Without looking at her, he said just as quietly, "I realized the door was closed, and as I was about to open it, I felt a hand on my shoulder."

She absorbed the impossibility of his words: they were alone up here. They'd looked in every room and no one else was here or could have come into the room while she was gone without him knowing.

But Carlton wouldn't lie, and he wasn't gullible, and if he said it happened, it happened.

In profile, he was very still, and while she couldn't quite make out the exact shade of blue in those all-expressive eyes, she knew for him to tell her meant he trusted her.

At least with this. As a partner.

The way she meant it.

. . . .

. . .

The room remained cold and dark. No doors closed, no lamps lit, no vanishing slices of raisin bread. They stayed where they were—no checking the painting for changes they'd surely imagined—and watched the Grays.

She and Carlton finished off the coffee purely for its warmth by ten. She needed to pee desperately by half past ten.

"Here's a visitor," he said, as a man cleared the tree which partly obscured the driveway and rounded the corner to the back of the house. Helena had long since gone in, but the Gray brothers were still loitering.

She came to his window—the temperature was at least one degree warmer next to him—even though she could see the tableau perfectly well from her own. "Looks like Sabin Findley."

"Yep, that's him."

He was known for moving questionably-legal items between Mexico and Nevada, and had darkened the doors of the SBPD more than once for questioning which always led nowhere.

Carlton's grin was mirthless. "I'd love to catch this guy."

"So would I, but so far they're just shaking hands."

Findley refused a chair when offered, standing close to Geoff Gray and talking for a few minutes. A few hand gestures later, he glanced at his watch and Gray did the same, and he nodded firmly and strode off.

"He'll be back," Carlton deduced.

"So will I." At his glance, she explained, "I've got to find a bathroom."

"We passed one near the head of the stairs, if I recall." He nodded his head toward the door. "And, uh, if that's closed when you come back, just go home."

She tried to be amused and failed, but managed a smile for him anyway.

The hallway seemed a lot longer than before, and she caught herself hesitating before passing open doorways.

You're an idiot, she warned herself. There is no one up here.

That might be the problem, whispered the ten-year-old Juliet inside her head.

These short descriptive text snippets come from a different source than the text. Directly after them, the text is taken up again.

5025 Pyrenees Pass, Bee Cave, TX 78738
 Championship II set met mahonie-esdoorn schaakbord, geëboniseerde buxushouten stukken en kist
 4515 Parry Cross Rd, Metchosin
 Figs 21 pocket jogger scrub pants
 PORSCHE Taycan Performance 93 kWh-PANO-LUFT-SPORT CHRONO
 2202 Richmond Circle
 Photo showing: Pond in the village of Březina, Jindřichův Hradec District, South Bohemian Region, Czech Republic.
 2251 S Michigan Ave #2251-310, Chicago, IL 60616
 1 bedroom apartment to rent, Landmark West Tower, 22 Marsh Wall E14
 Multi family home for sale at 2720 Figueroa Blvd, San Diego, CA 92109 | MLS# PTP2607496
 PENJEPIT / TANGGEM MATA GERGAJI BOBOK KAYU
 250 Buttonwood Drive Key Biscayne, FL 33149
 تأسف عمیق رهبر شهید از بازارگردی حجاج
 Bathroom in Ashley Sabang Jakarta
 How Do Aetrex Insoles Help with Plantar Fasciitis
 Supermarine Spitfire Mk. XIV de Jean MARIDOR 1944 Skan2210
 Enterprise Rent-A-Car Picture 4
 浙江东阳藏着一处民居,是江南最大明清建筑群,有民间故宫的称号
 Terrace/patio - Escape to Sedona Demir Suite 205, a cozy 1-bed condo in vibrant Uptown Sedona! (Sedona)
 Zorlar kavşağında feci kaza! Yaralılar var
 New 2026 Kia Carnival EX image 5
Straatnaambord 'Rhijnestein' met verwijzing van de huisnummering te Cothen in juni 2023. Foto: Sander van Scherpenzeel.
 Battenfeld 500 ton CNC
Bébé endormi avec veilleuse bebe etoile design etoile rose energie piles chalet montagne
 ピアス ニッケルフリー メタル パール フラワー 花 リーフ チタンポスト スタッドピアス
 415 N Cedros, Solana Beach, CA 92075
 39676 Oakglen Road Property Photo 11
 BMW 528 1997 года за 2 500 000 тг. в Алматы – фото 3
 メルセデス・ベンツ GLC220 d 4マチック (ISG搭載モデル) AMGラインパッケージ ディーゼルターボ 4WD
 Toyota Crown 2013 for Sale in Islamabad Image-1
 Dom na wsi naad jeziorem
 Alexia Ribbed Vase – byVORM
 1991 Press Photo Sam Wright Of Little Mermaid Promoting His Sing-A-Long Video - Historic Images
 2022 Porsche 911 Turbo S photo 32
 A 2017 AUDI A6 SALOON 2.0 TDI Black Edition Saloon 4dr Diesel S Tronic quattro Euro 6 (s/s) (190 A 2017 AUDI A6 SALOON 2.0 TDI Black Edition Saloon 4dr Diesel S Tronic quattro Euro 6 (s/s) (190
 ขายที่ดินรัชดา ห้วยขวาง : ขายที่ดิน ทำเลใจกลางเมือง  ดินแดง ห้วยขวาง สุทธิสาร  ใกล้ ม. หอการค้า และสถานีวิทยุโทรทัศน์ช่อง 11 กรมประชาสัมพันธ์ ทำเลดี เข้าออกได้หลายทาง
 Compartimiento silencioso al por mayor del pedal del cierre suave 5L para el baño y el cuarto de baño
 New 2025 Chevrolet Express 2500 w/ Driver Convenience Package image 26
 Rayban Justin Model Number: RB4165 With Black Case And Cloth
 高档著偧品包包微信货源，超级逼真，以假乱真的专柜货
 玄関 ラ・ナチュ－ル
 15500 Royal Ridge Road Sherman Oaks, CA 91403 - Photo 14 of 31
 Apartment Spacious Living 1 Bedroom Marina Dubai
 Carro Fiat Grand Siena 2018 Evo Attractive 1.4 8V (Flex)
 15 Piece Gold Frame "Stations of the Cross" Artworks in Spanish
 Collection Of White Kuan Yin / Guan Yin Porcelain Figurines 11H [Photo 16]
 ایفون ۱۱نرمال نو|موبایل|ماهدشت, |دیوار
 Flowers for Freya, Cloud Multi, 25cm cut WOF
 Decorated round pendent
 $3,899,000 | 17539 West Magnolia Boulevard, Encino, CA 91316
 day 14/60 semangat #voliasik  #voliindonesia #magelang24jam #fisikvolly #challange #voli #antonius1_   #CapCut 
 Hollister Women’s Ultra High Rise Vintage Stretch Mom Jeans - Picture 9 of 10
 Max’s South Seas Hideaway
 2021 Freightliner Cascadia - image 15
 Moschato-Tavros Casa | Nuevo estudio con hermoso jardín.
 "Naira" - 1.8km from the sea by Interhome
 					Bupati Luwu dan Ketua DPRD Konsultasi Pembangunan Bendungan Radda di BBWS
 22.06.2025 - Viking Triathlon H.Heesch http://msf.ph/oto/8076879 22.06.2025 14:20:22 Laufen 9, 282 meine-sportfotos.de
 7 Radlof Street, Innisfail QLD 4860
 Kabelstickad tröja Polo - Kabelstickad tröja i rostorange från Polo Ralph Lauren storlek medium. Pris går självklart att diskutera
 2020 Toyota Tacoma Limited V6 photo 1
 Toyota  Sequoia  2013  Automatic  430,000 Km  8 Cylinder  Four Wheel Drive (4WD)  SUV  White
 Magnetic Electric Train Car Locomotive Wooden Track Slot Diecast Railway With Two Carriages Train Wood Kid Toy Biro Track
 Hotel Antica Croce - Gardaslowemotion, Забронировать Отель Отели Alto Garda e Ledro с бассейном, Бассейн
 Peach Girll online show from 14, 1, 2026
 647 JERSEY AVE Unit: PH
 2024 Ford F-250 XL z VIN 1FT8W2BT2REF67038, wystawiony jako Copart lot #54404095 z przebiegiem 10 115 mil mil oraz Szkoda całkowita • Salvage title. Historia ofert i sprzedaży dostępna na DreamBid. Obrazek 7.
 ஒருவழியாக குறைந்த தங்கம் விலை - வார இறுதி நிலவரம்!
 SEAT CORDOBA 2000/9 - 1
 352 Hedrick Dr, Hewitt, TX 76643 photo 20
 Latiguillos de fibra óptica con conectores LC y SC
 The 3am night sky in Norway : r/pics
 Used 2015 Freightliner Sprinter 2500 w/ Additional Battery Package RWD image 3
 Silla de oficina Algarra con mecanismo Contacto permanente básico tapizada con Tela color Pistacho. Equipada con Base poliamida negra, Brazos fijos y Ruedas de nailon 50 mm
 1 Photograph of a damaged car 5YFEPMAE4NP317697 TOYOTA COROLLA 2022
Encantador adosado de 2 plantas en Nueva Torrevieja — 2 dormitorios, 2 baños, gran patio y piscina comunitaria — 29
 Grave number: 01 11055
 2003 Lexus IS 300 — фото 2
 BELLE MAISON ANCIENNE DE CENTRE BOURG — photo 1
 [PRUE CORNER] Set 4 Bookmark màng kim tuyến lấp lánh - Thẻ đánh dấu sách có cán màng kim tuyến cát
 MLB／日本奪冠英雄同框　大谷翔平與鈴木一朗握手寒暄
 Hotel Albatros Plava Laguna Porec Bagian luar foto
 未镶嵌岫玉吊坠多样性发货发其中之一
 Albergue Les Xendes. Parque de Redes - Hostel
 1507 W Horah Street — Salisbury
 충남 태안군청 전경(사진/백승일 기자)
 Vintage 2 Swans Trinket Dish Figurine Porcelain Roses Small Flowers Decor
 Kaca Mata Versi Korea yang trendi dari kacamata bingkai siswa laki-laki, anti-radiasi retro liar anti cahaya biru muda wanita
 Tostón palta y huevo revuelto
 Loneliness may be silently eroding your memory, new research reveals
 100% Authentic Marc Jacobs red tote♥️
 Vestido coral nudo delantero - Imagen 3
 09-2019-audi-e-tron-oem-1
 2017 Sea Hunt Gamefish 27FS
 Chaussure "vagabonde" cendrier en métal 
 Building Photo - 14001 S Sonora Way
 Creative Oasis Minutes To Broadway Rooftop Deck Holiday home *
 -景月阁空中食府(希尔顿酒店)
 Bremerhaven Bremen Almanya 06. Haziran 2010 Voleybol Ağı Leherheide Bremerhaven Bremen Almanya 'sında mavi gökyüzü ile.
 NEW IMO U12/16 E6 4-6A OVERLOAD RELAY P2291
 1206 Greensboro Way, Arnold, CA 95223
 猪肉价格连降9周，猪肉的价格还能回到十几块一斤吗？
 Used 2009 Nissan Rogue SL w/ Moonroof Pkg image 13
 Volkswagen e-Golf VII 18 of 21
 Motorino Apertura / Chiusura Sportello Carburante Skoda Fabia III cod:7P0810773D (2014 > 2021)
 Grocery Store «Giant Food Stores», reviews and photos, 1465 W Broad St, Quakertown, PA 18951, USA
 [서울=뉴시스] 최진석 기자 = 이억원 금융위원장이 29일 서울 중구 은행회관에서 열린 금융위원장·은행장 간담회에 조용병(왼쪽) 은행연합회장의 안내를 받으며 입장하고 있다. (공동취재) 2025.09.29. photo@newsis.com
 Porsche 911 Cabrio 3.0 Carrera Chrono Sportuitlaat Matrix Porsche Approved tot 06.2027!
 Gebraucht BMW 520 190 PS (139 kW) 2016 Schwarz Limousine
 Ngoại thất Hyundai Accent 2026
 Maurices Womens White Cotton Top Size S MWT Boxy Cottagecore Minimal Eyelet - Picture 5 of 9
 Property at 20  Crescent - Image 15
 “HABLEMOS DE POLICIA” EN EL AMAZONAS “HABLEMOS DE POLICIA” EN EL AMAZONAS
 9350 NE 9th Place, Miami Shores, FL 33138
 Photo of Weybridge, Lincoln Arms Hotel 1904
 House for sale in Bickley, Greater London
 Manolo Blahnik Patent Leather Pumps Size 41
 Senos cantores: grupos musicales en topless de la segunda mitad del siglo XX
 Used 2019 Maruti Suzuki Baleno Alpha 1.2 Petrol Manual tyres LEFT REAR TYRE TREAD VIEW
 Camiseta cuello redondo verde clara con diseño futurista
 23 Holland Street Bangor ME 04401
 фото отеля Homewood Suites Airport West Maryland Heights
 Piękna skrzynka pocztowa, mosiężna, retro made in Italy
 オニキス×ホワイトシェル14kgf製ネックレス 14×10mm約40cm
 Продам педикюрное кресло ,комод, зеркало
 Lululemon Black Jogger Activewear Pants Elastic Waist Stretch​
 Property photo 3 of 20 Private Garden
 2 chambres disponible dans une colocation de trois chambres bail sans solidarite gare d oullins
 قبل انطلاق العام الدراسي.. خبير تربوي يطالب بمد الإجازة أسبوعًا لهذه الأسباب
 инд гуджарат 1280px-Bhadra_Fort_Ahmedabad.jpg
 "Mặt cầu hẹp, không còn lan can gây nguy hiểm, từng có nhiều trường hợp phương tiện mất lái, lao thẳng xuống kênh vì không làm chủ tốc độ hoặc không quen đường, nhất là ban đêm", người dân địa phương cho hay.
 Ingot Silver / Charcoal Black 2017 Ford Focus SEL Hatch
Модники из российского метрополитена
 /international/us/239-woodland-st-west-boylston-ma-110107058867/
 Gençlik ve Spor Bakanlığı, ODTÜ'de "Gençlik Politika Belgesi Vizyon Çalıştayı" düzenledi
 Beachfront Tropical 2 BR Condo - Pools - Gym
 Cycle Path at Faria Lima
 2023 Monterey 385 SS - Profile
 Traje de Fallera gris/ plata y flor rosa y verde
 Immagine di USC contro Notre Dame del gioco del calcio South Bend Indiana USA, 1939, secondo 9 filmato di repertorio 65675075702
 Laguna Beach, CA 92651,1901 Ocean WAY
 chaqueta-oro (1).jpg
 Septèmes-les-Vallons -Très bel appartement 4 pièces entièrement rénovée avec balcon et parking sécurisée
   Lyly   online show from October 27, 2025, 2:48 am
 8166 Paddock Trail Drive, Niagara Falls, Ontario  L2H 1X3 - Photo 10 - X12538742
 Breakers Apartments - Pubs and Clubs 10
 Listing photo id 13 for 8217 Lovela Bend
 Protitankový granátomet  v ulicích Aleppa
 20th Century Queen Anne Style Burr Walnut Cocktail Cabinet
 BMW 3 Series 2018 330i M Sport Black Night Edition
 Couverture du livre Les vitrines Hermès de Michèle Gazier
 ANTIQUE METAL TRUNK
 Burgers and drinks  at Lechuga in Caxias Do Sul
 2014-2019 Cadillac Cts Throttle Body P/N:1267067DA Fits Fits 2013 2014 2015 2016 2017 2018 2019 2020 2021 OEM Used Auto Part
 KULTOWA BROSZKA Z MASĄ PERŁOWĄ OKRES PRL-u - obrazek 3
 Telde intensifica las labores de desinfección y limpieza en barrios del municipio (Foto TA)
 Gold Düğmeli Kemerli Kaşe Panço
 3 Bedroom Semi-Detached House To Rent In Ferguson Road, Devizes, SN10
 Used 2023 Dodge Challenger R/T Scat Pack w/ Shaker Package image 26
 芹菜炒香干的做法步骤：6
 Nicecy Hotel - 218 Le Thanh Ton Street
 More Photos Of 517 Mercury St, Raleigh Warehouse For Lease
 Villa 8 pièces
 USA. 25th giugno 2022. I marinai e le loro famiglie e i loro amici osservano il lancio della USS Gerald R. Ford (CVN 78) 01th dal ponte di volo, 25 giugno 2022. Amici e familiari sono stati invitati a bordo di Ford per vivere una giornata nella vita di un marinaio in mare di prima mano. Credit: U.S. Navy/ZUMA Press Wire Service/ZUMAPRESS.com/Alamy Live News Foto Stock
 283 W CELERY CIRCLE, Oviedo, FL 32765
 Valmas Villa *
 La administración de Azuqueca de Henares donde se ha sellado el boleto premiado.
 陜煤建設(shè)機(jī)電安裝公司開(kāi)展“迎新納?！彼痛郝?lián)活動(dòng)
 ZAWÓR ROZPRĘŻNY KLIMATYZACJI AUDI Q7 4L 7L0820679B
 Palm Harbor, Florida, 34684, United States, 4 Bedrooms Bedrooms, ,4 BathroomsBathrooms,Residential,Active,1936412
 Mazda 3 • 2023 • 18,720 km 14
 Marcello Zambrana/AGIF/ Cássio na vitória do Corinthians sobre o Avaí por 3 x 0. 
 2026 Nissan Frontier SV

She banished the frightened child to the recesses of her mind, and despite feeling a bit like JoBeth Williams in the ever-lengthening hallway in Poltergeist, finally reached her destination.

All brass and marble, the large cold bathroom was as opulent as the rest of the house, albeit less dusty than the rest of what they'd seen. Juliet made quick work of her problem, not wanting to be on her own too long.

(She had avoided looking at the painting on the way, but could not suppress a shiver as she passed.)

Washing her hands, she thought about how to get Carlton back on track to the incident she wanted to discuss—and wanted very much to repeat—and knew she had to do it tonight, because this was the one time he could not flee. They had to be here, and they had to be here together, and no little chill in the air and late-night imaginings could get in the way.

Pleasing warmth infused her as she remembered his kiss: so very sudden and delicious and eye-opening and hope-engendering. Recalling the heat of his body brought heat to hers now.

Juliet glanced into the mirror, and that warmth fell away immediately and turned to ice again.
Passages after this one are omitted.